Meski musim 2018/2019 berjalan buruk bagi United, namun ada satu pencapaian manis yang berhasil dibuat salah satu pemain mereka. Paul Pogba terdaftar sebagai salah satu dari 11 pemain terbaik yang masuk dalam PFA Team of the Year musim 2018/2019. Inilah pencapaian terbaik Pogba dari sisi individu setelah ia kembali ke Inggris pada 2016 lalu.

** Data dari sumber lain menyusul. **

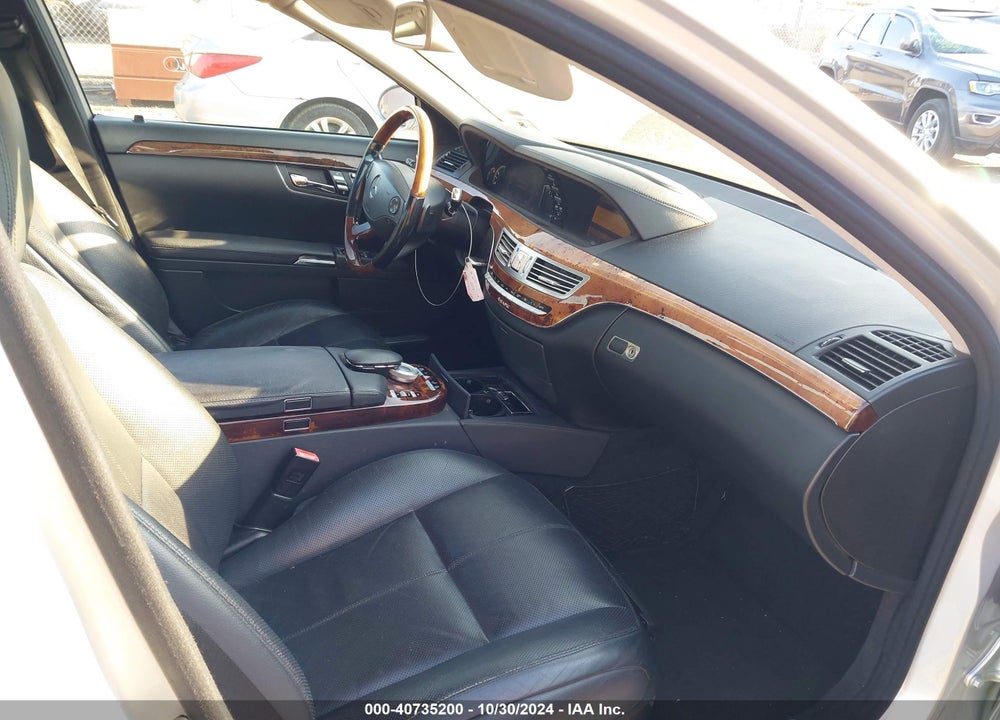 2009 MERCEDES-BENZ S 550 4MATIC VIN: WDDNG86X69A259190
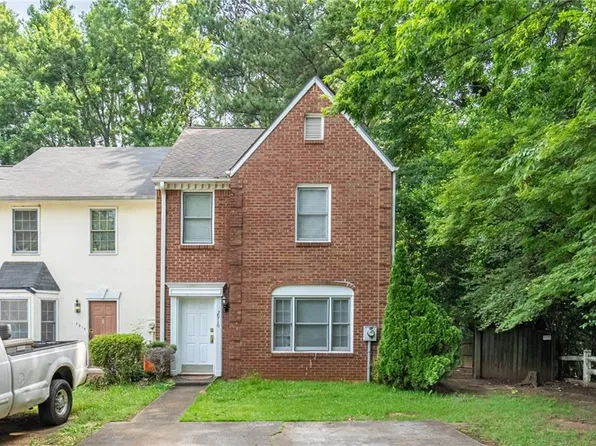 2916 Governors Ct, Marietta, GA 30066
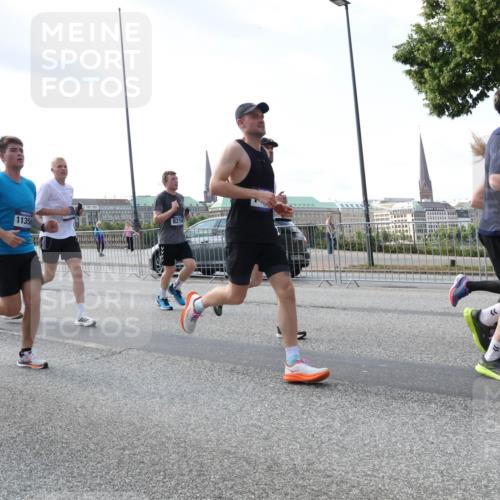 29.06.2025 - hella hamburg halbmarathon Lena Gebhardt http://msf.ph/oto/8471761 29.06.2025 09:55:37 Lombardsbrücke 2718, 6009, 11356, 8216, 1120, 1143, 1151, 1200, 1267, 1461, 1630, 1683, 1696, 1706, 1884, 1976, 2207, 2274, 2284, 2287, 2411, 2706, 2708, 2718, 2884, 3087, 3213, 3258, 3399, 3435, 3654, 3692, 3747, 3945, 3985, 4033, 4088, 4093, 4127, 4189, 4324, 4345, 4346, 4601, 4847, 4890, 4938, 5102, 5421, 5459, 5708, 5915, 6009, 6027, 6054, 6158, 6421, 6481, 6532, 6662, 6691, 6836, 6938, 6994, 7052, 7056, 7100, 7269, 7312, 8371, 8437, 8693, 8889 meine-sportfotos.de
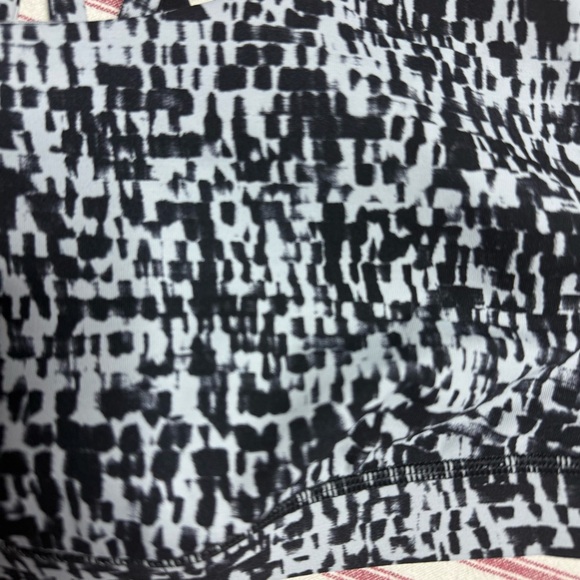 Lululemon Energy Bra Medium Support Size 14 in Urban Block Ice Grey Black - Picture 9 of 10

Untuk pertama kalinya skuad terbaik Premier League musim ini hanya berisi para pemain yang berasal dari tiga klub saja. Menariknya, Pogba menjadi satu-satunya pemain non Liverpool dan Manchester City yang berada dalam daftar. City menjadi tim yang paling banyak menyumbang pemain dengan enam orang (Ederson, Aymeric Laporte, Fernandinho, Bernardo Silva, Raheem Sterling, dan Sergio Aguero) sementara Liverpool empat pemain (Andy Robertson, Trent-Alexander Arnold, Virgil Van Dijk, dan Sadio Mane).

Pogba dinilai layak untuk mengisi satu tempat di sektor gelandang tengah. Ia berpasangan dengan dua pemain Manchester City, Bernardo Silva dan Fernandinho. Namun keberadaan Pogba mengundang tanda tanya dari banyak pihak. Layakkah ia masuk dalam susunan 11 terbaik musim ini?

Musim ini, Pogba bermain di Premier League dengan menyandang status sebagai juara dunia. Namun, perjalanan Pogba di United penuh dengan masalah. Memotong liburannya demi memperkuat United dan mendapatkan ban kapten, penampilan Pogba justru jauh dari harapan banyak penggemar United. Bahkan dalam tiga bulan terakhir tahun 2018, ia berkonflik dengan Jose Mourinho yang membuat statusnya sebagai pemain utama mulai tergusur ke bangku cadangan. Beberapa kali Pogba bahkan tidak bermain satu menit pun sebelum Mourinho dipecat.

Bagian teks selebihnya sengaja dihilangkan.